Write a program to do the followings:
• Read a number from the user ( N1 ), and check if it exactly has 3 digits.
• Read another number from the user ( N2 ), and check if it exactly has 3 digits.
• In (N1) check that the multiplication of the most left 2 digits is equal to the most right digit.
• In (N21) check that the multiplication of the most right left 2 digits is equal to the most left digit.
• In case the previous checks were true, then compose a new variable that carries the most right digit of (N1), & the most left digit of (N2).
N1 : 236 (2 x 3 = 6)
N2 : 824. (8 = 2 x 4)
The '%' (mod) operator, which returns the remainder after dividing, will be helpful here.

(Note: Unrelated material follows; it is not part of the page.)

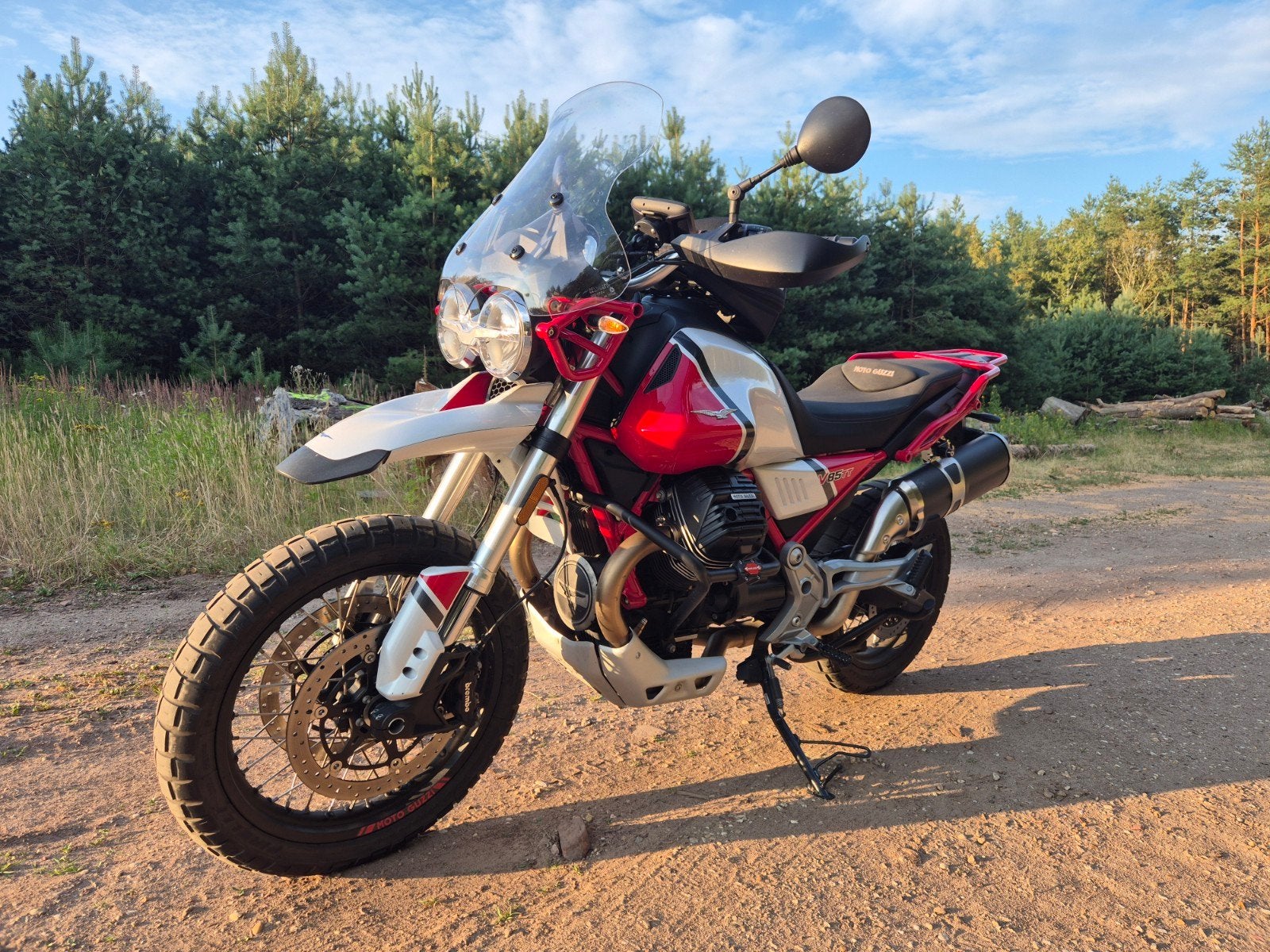 Moto Guzzi V85TT met maar 16000 km V85 V85 TT, Motoren, Motoren | Moto Guzzi, LED Verlichting, 2 cilinders, Gebruikt, Particulier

To get a certain digit of a number, you mod it by its place + 1, and then divide it by its place.
To get 3 (it's in the 10^3 or 1000ths place):
823467 % 10^4 = 3467
3467 / 10^3 = 3
(Note that the caret symbol '^' DOES NOT MEAN "to the power of" in C++. You can use pow() from <cmath> to do this instead)
Using mod on a number (by a multiple of 10) essentially gets rid of unwanted leftmost digits, while dividing gets rid of rightmost digits. Use this concept to find out how to get the leftmost 2 digits of a number or the rightmost 2.